THE O’CONNELL MONUMENT PHOTOGRAPHED 3 DECEMBER 2019
Tour guides always refer to the four angels [winged victories] representing Patriotism, Courage, Eloquence and Fidelity as there are bullet holes on the arms and breasts of two of them. It is mentioned, by the guides, that British soldiers used them for target practice during the 1916 Easter Rising.
A two-ton Dalkey granite foundation stone for this monument was laid on 8 August 1864 by the Lord Mayor and a competition was initiated by Dublin Corporation to design and finish a sculpture by the centenary of O’Connell’s birth in 1875.
There was no resident Irish winner of the competition and John Henry Foley took on the project, followed by Thomas Brock after the death of Foley in 1874.
The Monument was unveiled on 15 August 1882, on the occasion of the Industrial and Agricultural Exhibition in the Rotunda Gardens. On the same day the newly-widened Carlisle Bridge was renamed O’Connell Bridge.

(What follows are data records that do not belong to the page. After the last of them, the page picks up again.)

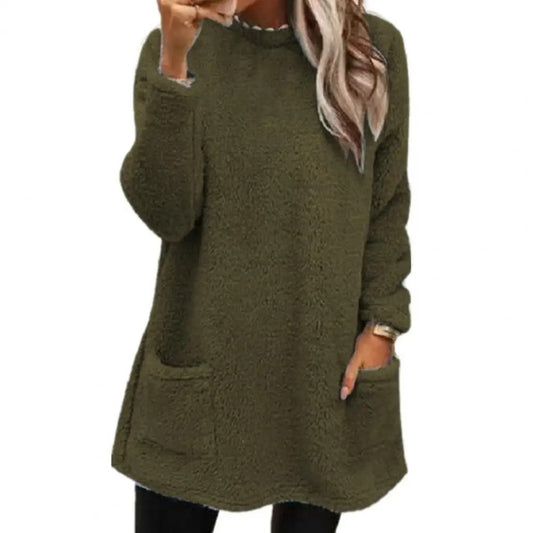 Pull femme en polaire épaisse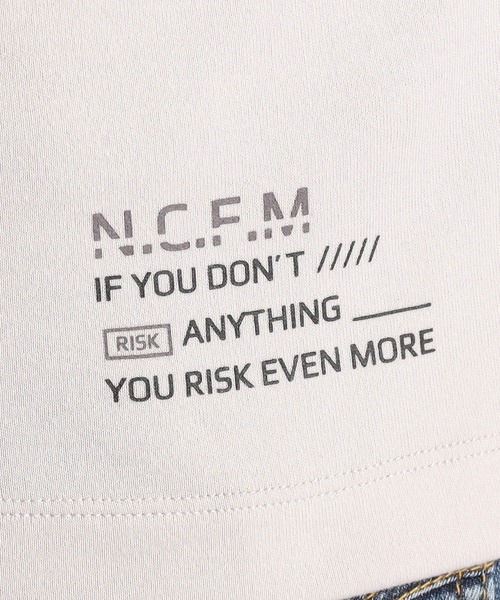 NICOLE CLUB FOR MEN（ニコルクラブフォーメン）の「ロゴ刺繍半袖Ｔシャツ（Tシャツ/カットソー・メンズ・オレンジ/アッシュグレー/ピンク系/ホワイト/ブラック・X-LARGE/LARGE/MEDIUM）」の7枚目の写真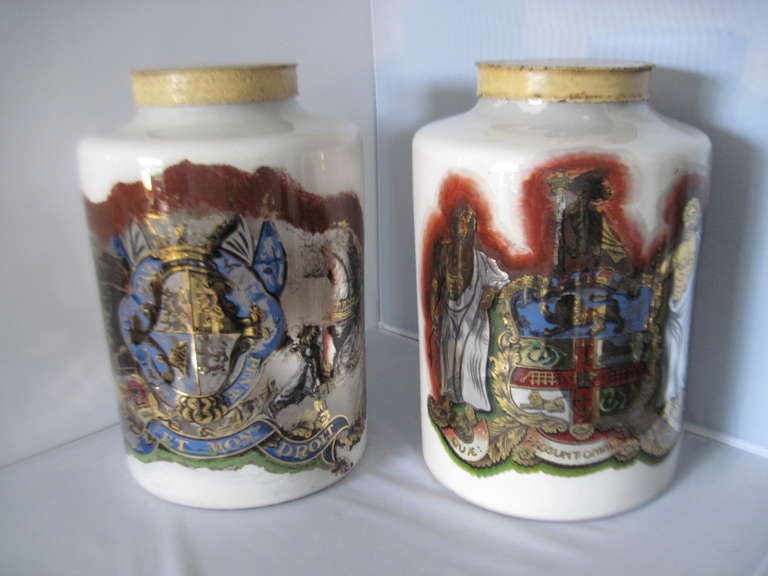 Pair of Antique Apothecary Jars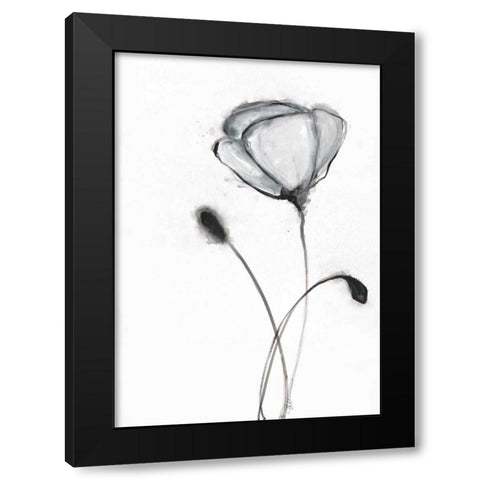 Snow Blossom 2 Black Modern Wood Framed Art Print by Ioco, Filippo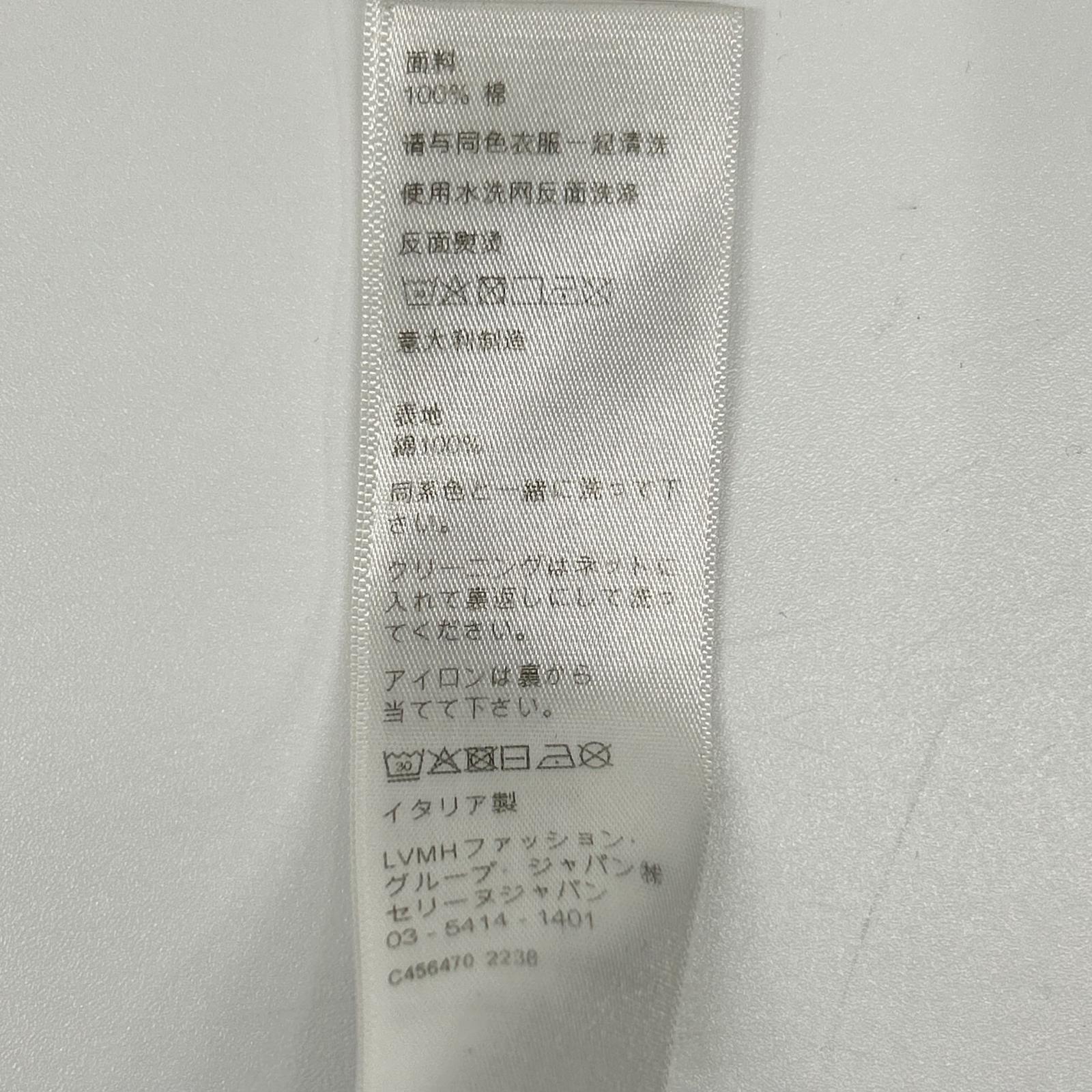 CELINE セリーヌ 2X41F671Q グレー コットン プリントTシャツ トップス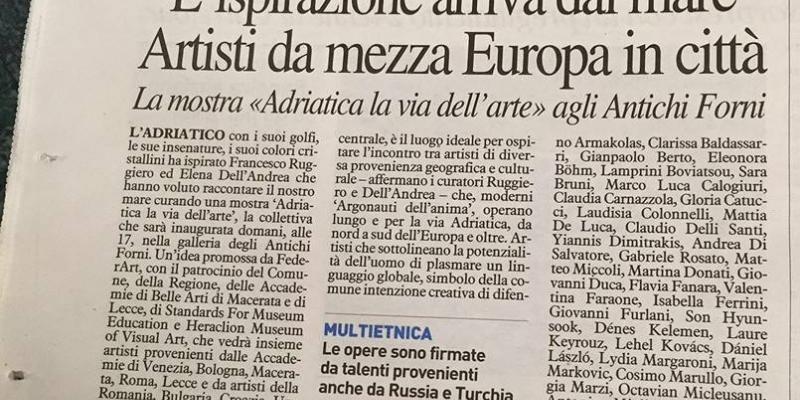 ADRIATICA LA VIA DELL'ARTE - Itinerario di un viaggio senza fine ADRIATICA LA VIA DELL'ARTE - Itinerario di un viaggio senza fine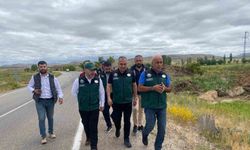 Bayburt Kırklartepe Barajı’nda devam eden çalışmalar incelendi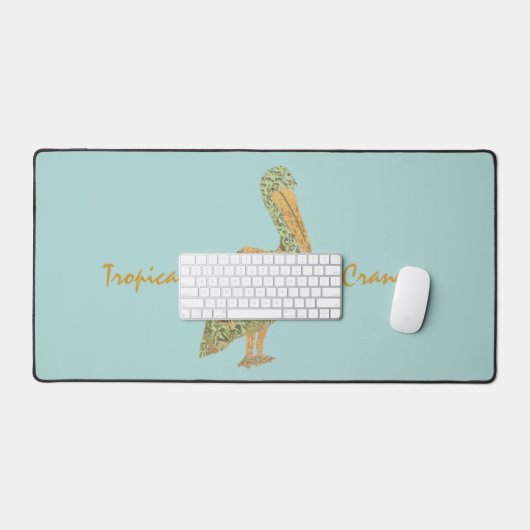 Tropisch Sinaasappel Bureaumat (Keyboard & Muis)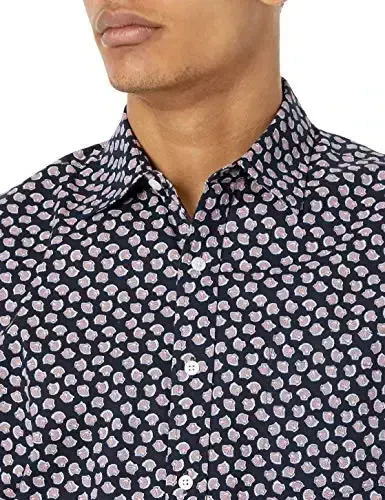 Amazon Essentials Men's Regular-Fit Short-Sleeve Print Shirt - 4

The large bronze cloaked figure of O’Connell stands on a tall cylindrical pedestal, encircled below by bronze frieze of people of Ireland in high-relief, having nearly thirty figures symbolising church, professions, arts, trades and peasantry. Central figure of Erin trampling upon chains, points upwards and holds 1829 Act of Catholic Emancipation in her left hand.